Rochecolombe restera le siège favori et la résidence ordinaire des Vogüé jusqu’à l’heure où ils regagneront Vogüé, rendu à un seul maître et devenu le centre d’un domaine arrondi. La romantique Rochecolombe représente bien une phase de l’histoire ; Vogüé, avec son exploitation rurale, en caractérisera une autre ; l’hôtel de Vogüé à Aubenas en évoquera une troisième. Le vieux Rochecolombe, c’est « l’image saisissante de l’association féodale, le manoir protégeant la chaumière, la chaumière nourrissant le manoir. Entre l’un et l’autre, ajoute l’historien, les rapports ont toujours été bons : nos modestes annales n’enregistrent aucune trace de violence : le temps seul a eu raison de l’association. »

C’est du haut de Rochecolombe que les Vogüé virent se jouer autour d’eux le drame albigeois. On sait assez comment l’hérésie albigeoise, après avoir divisé le Midi, provoqua l’intervention des seigneurs du Nord, soldats en principe de la Papauté contre l’hétérodoxie, en fait fourriers du roi de France dans les pays de langue d’oc : la « croisade » ne profita qu’à ce politique consommé que fut Philippe-Auguste.

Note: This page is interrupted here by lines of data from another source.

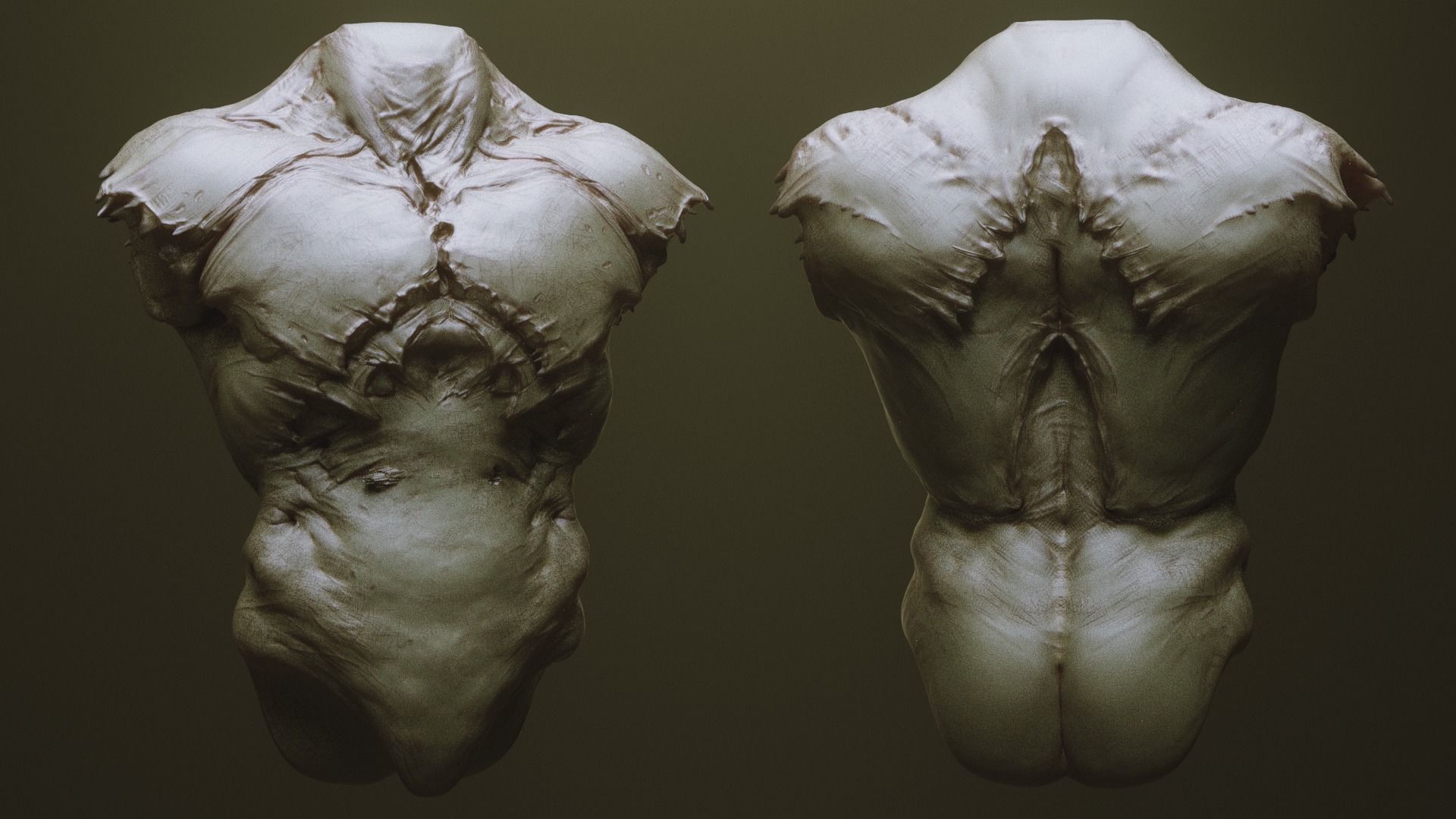 TORSOS - 33 Character and Creature Insert meshes and OBJs 3D model_18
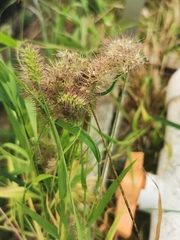 Setaria adhaerens
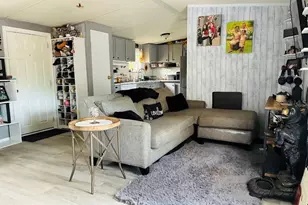 7161 Schering St, Weeki Wachee, FL 34613 - Photo 5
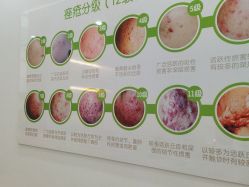 -莱可美科技美肤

Les Vogüé étaient, d’instinct, orthodoxes. À l’heure où bien des évêques même du Midi avaient paru pencher vers l’hérésie et y tomber, un Vogüé, homme d’Église, devenu évêque de Saint-Paul-Trois-Châteaux, s’était énergiquement prononcé, contre l’hérésie encore triomphante, en faveur du Saint-Siège outragé. Cet évêque Geoffroi, parla même, marqua sa place dans l’événement et, partant, garde de l’importance dans la famille. On possède son sceau où son effigie est visible : « notre plus ancien portrait de famille, » écrit M. de Vogüé.